*** Data section Section Begins ***

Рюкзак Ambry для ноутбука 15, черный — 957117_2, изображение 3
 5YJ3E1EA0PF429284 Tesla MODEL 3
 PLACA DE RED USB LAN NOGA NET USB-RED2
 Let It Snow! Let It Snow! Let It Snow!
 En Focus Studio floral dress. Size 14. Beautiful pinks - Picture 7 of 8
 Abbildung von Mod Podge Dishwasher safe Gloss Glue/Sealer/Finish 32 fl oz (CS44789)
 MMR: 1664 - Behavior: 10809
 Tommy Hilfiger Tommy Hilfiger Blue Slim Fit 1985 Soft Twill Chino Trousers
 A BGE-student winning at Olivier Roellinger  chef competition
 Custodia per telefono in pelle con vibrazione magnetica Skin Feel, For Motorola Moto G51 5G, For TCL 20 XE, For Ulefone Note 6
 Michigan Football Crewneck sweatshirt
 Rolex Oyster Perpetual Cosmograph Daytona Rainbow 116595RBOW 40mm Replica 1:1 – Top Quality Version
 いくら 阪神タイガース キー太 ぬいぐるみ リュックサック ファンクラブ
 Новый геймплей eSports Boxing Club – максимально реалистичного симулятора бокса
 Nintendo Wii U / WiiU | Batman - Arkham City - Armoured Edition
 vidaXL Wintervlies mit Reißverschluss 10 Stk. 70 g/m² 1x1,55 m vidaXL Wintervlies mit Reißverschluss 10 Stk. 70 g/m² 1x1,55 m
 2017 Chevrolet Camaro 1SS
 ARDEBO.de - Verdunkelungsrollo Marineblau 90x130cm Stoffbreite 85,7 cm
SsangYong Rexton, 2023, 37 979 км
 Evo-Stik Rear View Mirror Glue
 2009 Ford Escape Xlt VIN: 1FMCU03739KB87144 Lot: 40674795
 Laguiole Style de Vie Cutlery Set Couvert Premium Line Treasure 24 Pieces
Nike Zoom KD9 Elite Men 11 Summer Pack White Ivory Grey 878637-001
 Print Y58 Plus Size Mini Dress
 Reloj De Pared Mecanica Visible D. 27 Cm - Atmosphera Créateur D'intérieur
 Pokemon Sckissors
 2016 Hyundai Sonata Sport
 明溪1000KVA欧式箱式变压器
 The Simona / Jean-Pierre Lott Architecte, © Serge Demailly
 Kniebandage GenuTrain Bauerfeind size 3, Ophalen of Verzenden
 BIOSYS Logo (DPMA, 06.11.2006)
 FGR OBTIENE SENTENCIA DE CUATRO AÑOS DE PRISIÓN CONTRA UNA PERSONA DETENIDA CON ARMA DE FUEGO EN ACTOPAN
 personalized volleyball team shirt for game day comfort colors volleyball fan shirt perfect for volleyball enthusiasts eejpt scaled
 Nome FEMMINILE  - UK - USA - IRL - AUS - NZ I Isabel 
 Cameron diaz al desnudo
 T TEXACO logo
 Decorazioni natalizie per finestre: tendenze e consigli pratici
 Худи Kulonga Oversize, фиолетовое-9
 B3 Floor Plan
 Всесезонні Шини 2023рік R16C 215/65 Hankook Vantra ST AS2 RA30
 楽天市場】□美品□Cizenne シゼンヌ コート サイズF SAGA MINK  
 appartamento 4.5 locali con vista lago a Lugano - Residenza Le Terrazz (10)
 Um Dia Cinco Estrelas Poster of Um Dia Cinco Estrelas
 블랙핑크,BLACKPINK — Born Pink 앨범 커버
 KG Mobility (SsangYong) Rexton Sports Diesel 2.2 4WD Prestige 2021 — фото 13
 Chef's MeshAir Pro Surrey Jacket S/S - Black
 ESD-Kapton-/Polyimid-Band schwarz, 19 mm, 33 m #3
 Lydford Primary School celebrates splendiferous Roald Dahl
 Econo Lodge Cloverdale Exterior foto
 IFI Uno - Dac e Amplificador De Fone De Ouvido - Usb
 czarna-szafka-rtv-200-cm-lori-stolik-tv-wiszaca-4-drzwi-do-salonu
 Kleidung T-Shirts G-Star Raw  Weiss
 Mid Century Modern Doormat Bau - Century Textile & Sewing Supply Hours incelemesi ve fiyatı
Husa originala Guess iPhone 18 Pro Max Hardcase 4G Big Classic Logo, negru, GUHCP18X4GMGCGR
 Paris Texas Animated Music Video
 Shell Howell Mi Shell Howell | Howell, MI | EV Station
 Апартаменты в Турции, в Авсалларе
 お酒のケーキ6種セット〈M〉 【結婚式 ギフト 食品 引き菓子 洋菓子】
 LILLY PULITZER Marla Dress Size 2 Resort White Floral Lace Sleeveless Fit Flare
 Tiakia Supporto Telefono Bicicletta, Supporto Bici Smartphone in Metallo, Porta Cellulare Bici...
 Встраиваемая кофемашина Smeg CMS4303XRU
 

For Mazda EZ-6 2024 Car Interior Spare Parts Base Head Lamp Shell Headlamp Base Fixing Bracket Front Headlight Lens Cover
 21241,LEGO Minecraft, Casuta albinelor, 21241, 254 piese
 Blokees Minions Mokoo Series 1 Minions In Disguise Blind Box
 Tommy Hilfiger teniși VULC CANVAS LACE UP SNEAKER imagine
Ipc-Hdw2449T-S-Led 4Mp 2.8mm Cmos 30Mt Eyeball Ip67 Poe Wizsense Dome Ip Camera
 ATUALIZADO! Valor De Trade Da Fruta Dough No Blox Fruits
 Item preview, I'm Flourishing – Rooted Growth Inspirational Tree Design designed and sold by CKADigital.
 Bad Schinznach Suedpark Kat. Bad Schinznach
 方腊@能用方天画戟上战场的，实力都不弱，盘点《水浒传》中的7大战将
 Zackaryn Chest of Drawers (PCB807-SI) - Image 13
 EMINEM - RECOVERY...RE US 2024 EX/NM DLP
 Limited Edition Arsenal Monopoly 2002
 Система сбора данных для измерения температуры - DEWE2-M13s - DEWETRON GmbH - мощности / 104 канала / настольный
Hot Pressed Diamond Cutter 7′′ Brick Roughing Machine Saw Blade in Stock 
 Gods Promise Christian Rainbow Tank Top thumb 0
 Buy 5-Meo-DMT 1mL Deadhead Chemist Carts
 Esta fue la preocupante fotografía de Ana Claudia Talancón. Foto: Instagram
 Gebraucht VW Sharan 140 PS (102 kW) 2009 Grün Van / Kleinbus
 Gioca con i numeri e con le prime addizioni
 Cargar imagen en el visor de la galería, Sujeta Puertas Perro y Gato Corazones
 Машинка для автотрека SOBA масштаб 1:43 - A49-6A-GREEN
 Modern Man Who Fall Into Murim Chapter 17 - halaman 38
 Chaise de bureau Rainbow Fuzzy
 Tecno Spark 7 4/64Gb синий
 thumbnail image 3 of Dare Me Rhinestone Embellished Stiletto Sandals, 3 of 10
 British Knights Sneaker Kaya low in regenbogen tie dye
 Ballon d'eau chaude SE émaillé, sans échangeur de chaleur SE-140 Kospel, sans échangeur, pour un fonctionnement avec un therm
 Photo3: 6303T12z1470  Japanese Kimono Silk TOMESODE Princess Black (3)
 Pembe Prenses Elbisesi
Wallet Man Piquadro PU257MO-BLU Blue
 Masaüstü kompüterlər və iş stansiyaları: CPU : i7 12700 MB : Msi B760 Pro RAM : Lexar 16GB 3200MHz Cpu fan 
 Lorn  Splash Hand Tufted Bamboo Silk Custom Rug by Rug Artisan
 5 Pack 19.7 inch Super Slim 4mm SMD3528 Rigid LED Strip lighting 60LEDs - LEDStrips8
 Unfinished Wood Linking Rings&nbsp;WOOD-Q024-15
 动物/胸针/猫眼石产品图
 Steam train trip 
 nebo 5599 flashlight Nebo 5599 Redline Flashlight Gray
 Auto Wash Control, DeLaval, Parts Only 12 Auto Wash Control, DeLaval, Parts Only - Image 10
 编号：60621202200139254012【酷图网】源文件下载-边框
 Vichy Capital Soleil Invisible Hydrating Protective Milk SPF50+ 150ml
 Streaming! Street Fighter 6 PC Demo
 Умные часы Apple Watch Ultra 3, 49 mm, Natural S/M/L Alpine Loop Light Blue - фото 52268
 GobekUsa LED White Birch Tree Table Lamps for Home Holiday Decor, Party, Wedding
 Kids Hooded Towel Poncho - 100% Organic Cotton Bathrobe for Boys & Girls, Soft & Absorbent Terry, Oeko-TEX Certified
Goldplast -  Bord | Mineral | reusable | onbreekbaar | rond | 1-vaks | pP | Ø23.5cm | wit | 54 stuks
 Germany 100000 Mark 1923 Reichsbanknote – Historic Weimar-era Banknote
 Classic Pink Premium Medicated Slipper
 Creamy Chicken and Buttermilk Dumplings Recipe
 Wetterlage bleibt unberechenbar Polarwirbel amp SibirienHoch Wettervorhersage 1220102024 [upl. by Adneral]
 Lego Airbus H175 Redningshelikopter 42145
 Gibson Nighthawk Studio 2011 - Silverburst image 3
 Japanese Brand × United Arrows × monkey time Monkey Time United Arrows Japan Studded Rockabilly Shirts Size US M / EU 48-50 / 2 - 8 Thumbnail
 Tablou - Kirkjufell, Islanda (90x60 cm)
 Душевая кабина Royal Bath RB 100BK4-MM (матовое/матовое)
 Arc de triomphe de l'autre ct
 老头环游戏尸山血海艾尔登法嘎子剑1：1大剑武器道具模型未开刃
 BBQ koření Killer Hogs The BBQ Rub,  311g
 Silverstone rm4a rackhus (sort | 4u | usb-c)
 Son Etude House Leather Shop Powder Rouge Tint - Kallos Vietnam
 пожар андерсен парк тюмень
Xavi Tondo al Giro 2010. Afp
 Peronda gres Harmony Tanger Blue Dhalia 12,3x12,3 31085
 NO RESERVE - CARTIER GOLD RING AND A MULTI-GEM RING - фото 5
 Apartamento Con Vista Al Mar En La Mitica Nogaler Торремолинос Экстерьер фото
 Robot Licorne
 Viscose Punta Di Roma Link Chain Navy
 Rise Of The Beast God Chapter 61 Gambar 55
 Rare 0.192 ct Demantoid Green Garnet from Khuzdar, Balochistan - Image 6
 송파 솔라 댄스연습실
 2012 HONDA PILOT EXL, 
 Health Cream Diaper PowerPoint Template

*** Data section Section Ends ***

**What to produce:**
Repeat the entries above exactly, from the first line through the line containing "いくら 阪神タイガース キー太 ぬいぐるみ リュックサック ファンクラブ".

**Result of this task:**
Рюкзак Ambry для ноутбука 15, черный — 957117_2, изображение 3
 5YJ3E1EA0PF429284 Tesla MODEL 3
 PLACA DE RED USB LAN NOGA NET USB-RED2
 Let It Snow! Let It Snow! Let It Snow!
 En Focus Studio floral dress. Size 14. Beautiful pinks - Picture 7 of 8
 Abbildung von Mod Podge Dishwasher safe Gloss Glue/Sealer/Finish 32 fl oz (CS44789)
 MMR: 1664 - Behavior: 10809
 Tommy Hilfiger Tommy Hilfiger Blue Slim Fit 1985 Soft Twill Chino Trousers
 A BGE-student winning at Olivier Roellinger  chef competition
 Custodia per telefono in pelle con vibrazione magnetica Skin Feel, For Motorola Moto G51 5G, For TCL 20 XE, For Ulefone Note 6
 Michigan Football Crewneck sweatshirt
 Rolex Oyster Perpetual Cosmograph Daytona Rainbow 116595RBOW 40mm Replica 1:1 – Top Quality Version
 いくら 阪神タイガース キー太 ぬいぐるみ リュックサック ファンクラブ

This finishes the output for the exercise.